After only one year, GGBB is making a difference.
By Steve Charing
On the night Guerilla Gay Bar Baltimore celebrated its 1st anniversary at Mother’s Federal Hill Grille, three young women approached Byron Macfarlane (r.), one of the two co-founders and leaders of the GGBB phenomenon who was standing at the front end of the bar. They asked him for the now familiar purplish stickers that adorn those who participate in the monthly ritual of "invading" a straight bar or club in Baltimore City.
But in this case, the three women weren’t lesbians. They were straight, and it’s notable that even they wanted to be part of this growing movement.
Guerilla Gay Bar Baltimore was launched last November as an means to offer LGBT folks in the Baltimore area an alternative to the local gay bar scene and perhaps make new friends and allies outside the LGBT community.
"The primary goal of GGBB has been to better integrate the LGBT and straight communities in Baltimore," says Byron Macfarlane, an attorney and who is running as an openly gay candidate for Register of Wills in Howard County. "Along with that, we wanted to provide members of our community with opportunities to travel outside the ‘gayborhood’ and see parts of the city they may not be familiar with or may not feel comfortable in if they are by themselves or in a small group."
The popularity of GGBB took the founders by surprise. "I believe it has been a good year and we certainly have exceeded my expectations of the group," explains Mark Yost, Jr. (l.), a lobbyist and law student who is the other co-founder and leader of GGBB. "A year ago, Byron and I had hoped to have a good time doing this and expected slow steady growth. I think if you had told us that we would be having crowds of 300 on average, we would have been shocked."
In fact, the crowds have often exceeded that amount each month. Both Yost and Macfarlane seek out Baltimore venues that cater to a predominantly straight clientele and are not only willing to accept a large contingent of LGBT people but also have the capacity to accommodate the "invasion."
The announcement of the location is made two days before the scheduled event, which is the first Friday of the month. Using social networking, principally Facebook and word-of-mouth, the group has expanded by leaps and bounds.
The unforeseen growth over the year has been a major development. "Having over 1,500 ‘members’ is phenomenal and we truly enjoy our monthly gatherings," says Yost. "It’s been a place to meet old friends, make new ones and have a good time."
Macfarlane points out that bar owners and patrons around the city now know about the group and are welcoming and accepting. "Bar owners have been clamoring for our group to patronize their establishments.

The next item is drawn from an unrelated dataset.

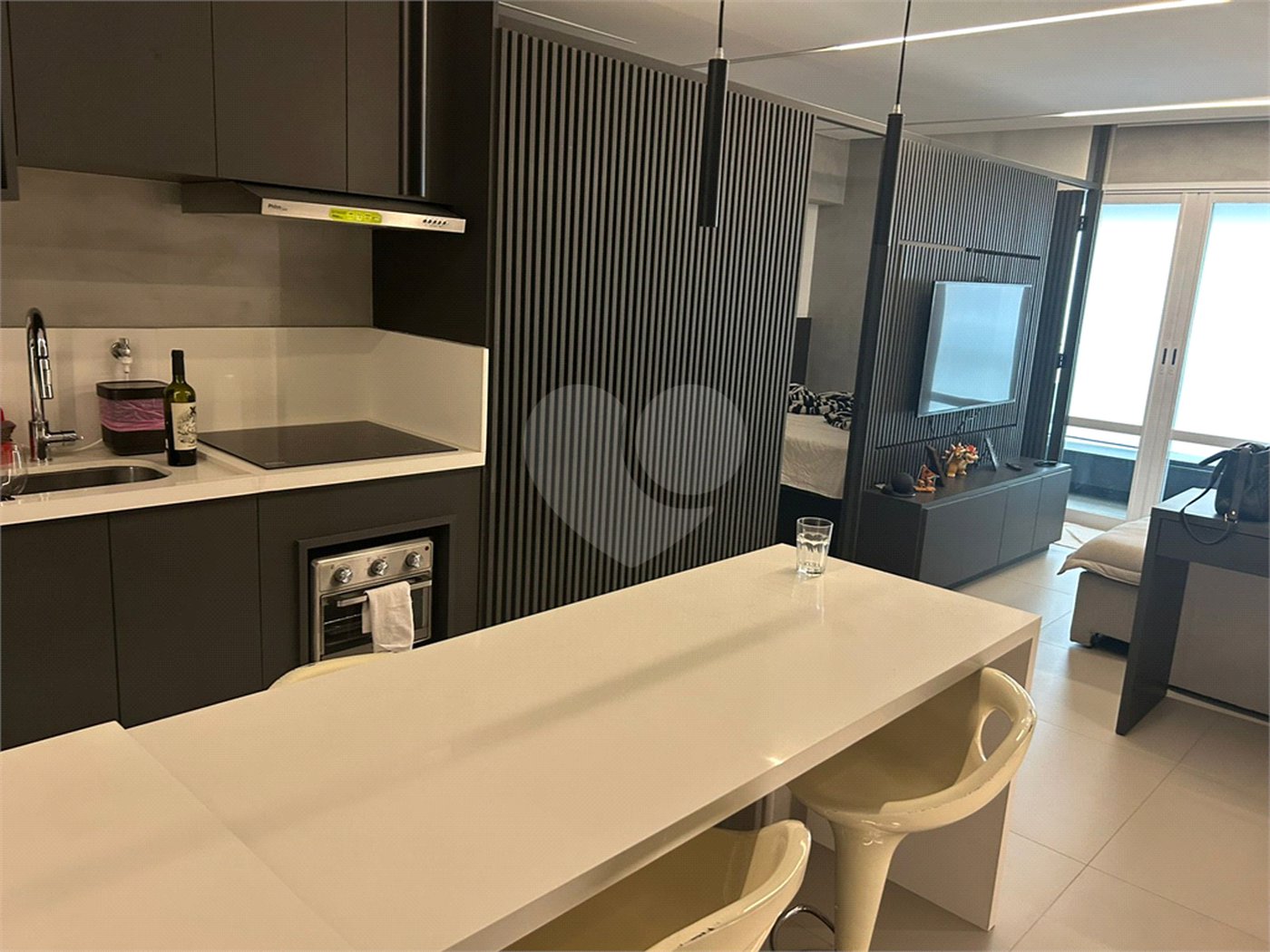 APARTAMENTO MOBILIADO NO CAMPO BELO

And now, a huge number of lesbians, gays, and allies have the first Friday of every month already booked on their calendars for GGBB and are upset when something comes up and they can't make it."
While most of these invasions have gone off smoothly, there was one hiccup at the Mad River bar in Federal Hill on the Friday of the July 4 weekend. There had been a lapse in communication between the GGBB organizers and management of the bar. That led to the Mad River’s staff not being informed of the invasion, and some ugliness ensued that resulted in the termination of two bar employees for their alleged homophobic actions. The manager profusely apologized for the miscommunication and for the employees’ conduct.
"Along the way, the people of Baltimore have shown that deep down, they are good and decent people, but we know we still have a lot of work to do," says Macfarlane.
But that mishap was just a blip during the past year. "The response has been overwhelmingly positive both from within the gay community and in the larger Baltimore community," Yost points out. "I think we are using our gatherings, which are to be fun, to also softly promote our goals of equal rights. The more ‘out’ our community is, the better served we are going to be in being accepted in society."
GGBB has not restricted itself to once-a-month straight bar invasions. "We're especially proud that we have partnered with establishments in the city to give back to those in our community who really need help. We've raised money for organizations like Brother Help Thyself and AIDS Action Baltimore," notes Macfarlane.
Yost explains, "In order to support GGBB, other LGBT causes and our own community, GGBB has returned home to ‘our base.’ It helps us recharge, regroup and to bring some new exciting events our own community." To that end, GGBB has held special theme events at Grand Central, such as Bootcamp Night, White Party and Octoberfest Sausage Party.
After one year, like any organization the co-leaders are taking stock of what was accomplished and where they want to go. "We dispelled any notion that the concept had started to get a little old when we had over 600 members attend this month's invasion," says Macfarlane.
"There clearly is still the desire in the lgbt community to have these interactions on an ongoing basis, and as long as that desire is there, GGBB will provide the outlet and the experience.
"GGBB is part of the slow, quiet, non-aggressive activism that can and will change attitudes toward members of our communities and, ultimately, lgbt rights. When people who are on the fence about our issues or are ardent opponents see us as people just like them rather than the caricatures they see on television and in the movies, we're making a big impact."
Mark Yost adds, "Baltimore is a great city, and we are trying to make it just a little more fabulous once a month."